On my ICQ he's still listed as Kadin Neko. I really should change that... but it's familiar. I like it that way. Hmm...



*soft sigh* Pam. His best friend... female. Knows he belongs to me. Apparently has been avoiding getting online because she doesn't want to be 'trapped' and seems to think I would do so... I just deleted her from ICQ. Kadin seems to think that's not the answer... but he's not really protesting it either, I think it's for the best. *shrug* So now I've no way to contact him through her... then again, I have her phone number if I need it, and Ozzy's, I think... addresses, street names... you'd be amazed how much I know about the little Canadian town he lives in and the people who live there with him. Perhaps more than some of them know... it's kinda impressive. It makes me happy.

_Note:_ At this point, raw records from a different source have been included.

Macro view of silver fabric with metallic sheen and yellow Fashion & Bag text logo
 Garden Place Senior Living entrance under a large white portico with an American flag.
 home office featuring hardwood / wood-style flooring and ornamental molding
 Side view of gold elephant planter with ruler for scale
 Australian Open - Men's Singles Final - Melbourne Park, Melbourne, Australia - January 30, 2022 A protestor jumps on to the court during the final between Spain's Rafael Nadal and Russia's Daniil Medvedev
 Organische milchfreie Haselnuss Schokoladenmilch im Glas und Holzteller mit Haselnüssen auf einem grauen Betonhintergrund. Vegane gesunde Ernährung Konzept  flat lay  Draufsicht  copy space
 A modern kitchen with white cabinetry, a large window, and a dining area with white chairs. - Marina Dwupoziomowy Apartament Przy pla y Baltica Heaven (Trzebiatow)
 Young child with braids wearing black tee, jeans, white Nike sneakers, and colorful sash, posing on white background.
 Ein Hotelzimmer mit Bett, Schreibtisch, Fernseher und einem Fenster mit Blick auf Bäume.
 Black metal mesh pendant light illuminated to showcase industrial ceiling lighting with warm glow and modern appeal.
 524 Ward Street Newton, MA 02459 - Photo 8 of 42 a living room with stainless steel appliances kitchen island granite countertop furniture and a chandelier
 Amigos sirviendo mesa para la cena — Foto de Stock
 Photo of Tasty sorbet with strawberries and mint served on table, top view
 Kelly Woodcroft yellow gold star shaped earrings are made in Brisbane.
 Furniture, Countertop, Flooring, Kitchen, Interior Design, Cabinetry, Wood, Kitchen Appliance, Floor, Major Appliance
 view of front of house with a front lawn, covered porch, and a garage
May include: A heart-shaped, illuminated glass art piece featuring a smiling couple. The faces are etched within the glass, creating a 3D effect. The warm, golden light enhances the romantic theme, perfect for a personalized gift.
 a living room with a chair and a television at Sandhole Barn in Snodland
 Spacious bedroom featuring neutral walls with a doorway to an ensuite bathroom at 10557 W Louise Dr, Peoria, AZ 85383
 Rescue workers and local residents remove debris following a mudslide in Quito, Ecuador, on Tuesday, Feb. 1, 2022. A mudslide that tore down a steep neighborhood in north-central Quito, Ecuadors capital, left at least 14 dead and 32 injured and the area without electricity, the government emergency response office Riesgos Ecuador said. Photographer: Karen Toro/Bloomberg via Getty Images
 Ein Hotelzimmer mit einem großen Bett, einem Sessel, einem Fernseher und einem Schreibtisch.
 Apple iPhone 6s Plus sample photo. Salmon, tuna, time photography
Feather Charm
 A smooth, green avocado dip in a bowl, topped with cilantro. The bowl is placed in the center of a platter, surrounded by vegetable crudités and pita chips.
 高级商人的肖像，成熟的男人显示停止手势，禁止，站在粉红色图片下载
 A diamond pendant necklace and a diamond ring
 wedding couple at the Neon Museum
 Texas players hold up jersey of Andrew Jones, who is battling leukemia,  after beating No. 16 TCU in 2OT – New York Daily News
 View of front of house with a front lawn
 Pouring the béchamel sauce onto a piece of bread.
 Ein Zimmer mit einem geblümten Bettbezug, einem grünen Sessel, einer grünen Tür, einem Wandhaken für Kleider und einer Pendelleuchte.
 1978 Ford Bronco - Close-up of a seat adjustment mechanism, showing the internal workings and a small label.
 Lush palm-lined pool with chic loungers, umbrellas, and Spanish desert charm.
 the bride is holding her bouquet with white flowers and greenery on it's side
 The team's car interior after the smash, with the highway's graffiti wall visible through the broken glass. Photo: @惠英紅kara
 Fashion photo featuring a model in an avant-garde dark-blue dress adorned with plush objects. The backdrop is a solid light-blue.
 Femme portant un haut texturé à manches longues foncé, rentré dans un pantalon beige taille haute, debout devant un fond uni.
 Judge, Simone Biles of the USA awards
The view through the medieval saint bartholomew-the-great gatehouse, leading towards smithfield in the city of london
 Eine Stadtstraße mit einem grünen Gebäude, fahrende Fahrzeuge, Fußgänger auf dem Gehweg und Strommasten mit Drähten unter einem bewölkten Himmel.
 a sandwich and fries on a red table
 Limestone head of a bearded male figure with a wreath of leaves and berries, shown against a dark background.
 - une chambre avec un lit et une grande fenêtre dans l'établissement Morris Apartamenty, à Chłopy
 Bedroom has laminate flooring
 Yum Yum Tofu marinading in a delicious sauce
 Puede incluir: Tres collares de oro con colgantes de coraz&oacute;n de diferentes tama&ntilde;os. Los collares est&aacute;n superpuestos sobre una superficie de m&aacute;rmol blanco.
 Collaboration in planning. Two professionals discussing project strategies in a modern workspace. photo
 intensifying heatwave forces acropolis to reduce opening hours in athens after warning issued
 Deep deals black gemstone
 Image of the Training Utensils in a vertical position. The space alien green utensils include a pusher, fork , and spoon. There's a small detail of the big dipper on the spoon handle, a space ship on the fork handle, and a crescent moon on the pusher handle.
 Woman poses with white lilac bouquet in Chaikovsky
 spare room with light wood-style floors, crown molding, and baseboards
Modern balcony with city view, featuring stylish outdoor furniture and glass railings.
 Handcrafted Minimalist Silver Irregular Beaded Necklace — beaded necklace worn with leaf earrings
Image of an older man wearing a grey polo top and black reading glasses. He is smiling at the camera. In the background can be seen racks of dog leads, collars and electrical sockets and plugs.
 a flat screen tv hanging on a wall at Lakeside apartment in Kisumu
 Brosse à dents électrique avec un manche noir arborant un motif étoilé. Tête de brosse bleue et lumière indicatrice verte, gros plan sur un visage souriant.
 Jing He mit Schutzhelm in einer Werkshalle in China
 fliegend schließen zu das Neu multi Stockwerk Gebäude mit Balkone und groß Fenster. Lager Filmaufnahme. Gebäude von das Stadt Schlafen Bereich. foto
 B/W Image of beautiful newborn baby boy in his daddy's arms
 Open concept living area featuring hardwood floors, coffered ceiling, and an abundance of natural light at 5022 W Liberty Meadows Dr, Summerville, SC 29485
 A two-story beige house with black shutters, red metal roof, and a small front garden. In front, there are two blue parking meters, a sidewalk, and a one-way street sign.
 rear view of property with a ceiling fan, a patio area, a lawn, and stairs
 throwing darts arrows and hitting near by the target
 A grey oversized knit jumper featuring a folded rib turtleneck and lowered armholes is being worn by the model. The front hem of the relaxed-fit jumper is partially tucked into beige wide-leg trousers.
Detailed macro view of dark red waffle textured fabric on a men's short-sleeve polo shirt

Happy... and I'm crying again. Just knowing how long it will be before I see him... that I will have to disappoint him, not go up this month... there's no way I can afford it. Part of the money I might have used, I spent while Nick was down here... had to, was still too sick to be able to work, needed to pay bills and eat food. *soft sigh*



I'm gonna close this... I don't know if I can keep writing. He's about to leave, and the pain is coming back. I'm going to go take a couple Vicodin, and lie down... and dream of my kitten. Mine. MY kitten. My Kadin. My slave. Gods...



He's the only one who has never gone Dom, who has never denied me, who has served because he honestly feels that's his place. He's the only one who I can honestly call mine. Honestly? If anyone else is jealous of him... to some extent it's justified. He holds a place no one else will, not that no one else CAN... but one by one, they decline that position. I don't think they should complain, if I treasure him for holding it.